Briefly, I would like to give you a snapshot of sex work activism in Canada around the time the case was conceived. Of course, since the beginning of whorestory, we have many groups and individuals who have been advocating for change, taking to the streets for decades.

In a formal sense, though, sex work activism, in terms of organizations in Canada, was limited to major cities in certain provinces (such as Montreal, Vancouver, Toronto). Very few groups were funded, and those who were funded were underfunded. This made launching legal initiatives or certain types of social and political actions very challenging, but not impossible; we certainly worked with what we had.

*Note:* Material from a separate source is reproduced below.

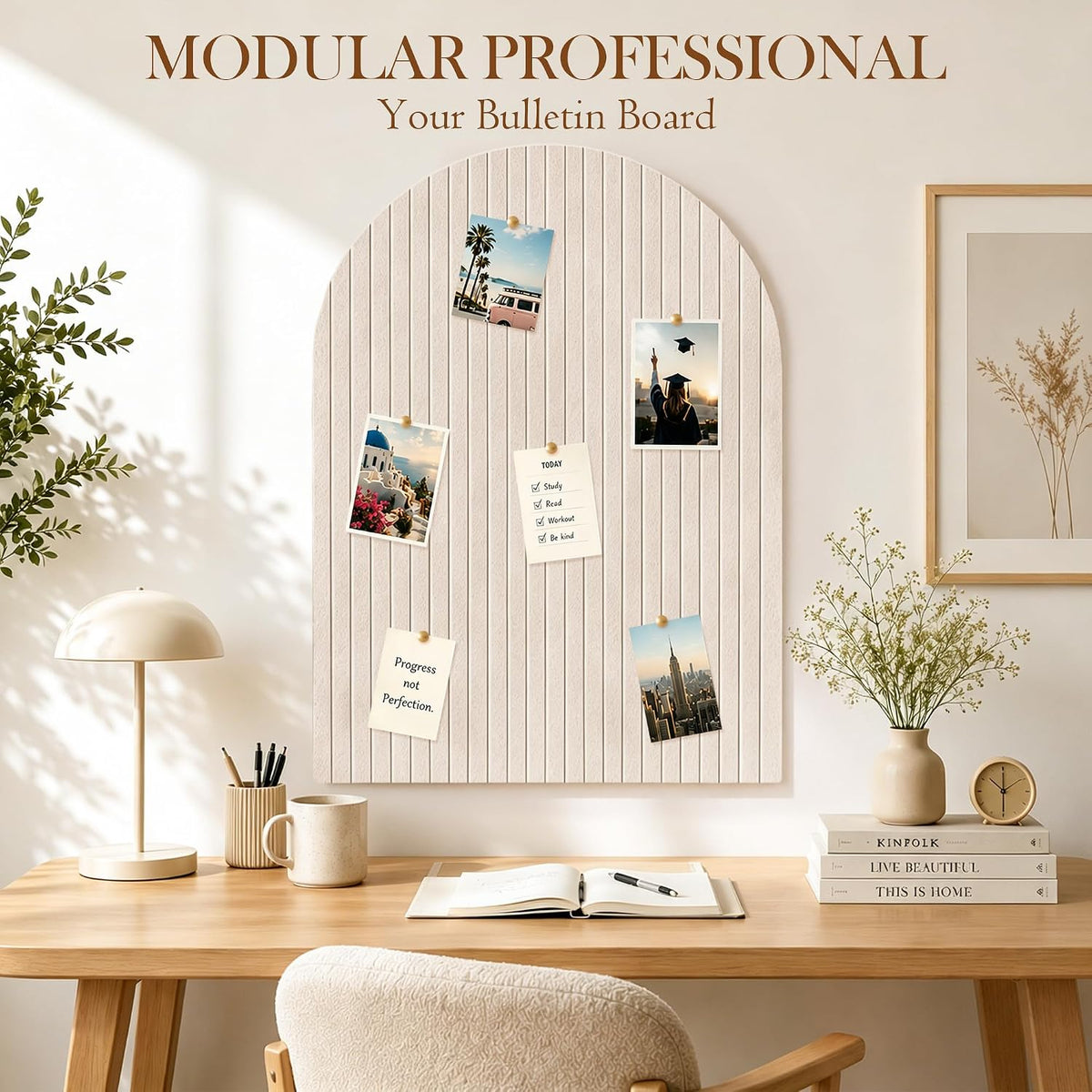 48"x36" Beige Arched Felt Bulletin Board, Customizable Wall Tiles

In a climate of stigma and social repression, tensions existed which made cohesiveness within activist communities and organizations very difficult. Social media was also in its infancy. Getting the word out looked very different from today and was not necessarily reaching as many people, especially people in remote and rural regions.

As the case evolved so did the movement, which brought with it new possibilities, as well as challenges.

Constitutional Challenge to Canada’s Prostitution Laws

SHAWNA:

Using the Canadian Charter of Rights and Freedoms, Amy and her colleagues Valerie Scott and Terri Jean Bedford challenged three prostitution-related laws in the Canadian Criminal Code on the basis that the laws violated sex workers’ rights under the Charter. The three laws criminalized working in a brothel, or “bawdy house”; living on the avails of of prostitution; and communicating publicly for the purposes of prostitution. These laws are usually referred to in activist settings as Bawdy House, Living on the Avails, and Communicating.

They challenged these laws because they prohibited sex workers from protecting themselves by

  • working indoors, out of their own apartments, or in groups as a means of keeping safer (Bawdy House);
  • hiring drivers, business managers, and security personnel to protect them (Living on the Avails);
  • living with and having relationships with persons such as romantic partners, dependent children or elderly parents (Living on the Avails);
  • communicating clearly and precisely with clients, and being able to do this in well-lit, populated, non-industrial areas (Communicating).

AMY:

 Ontario Superior Court

Bedford v. Canada, 2010 {ONSC 4264}

(Himel, Sep. 28, 2010)

Court of Appeal for Ontario

Canada (Attorney General) v. Bedford, 2012 {ONCA 186}

(Doherty, Rosenberg, Feldman, MacPherson & Cronk, Mar. 26, 2012)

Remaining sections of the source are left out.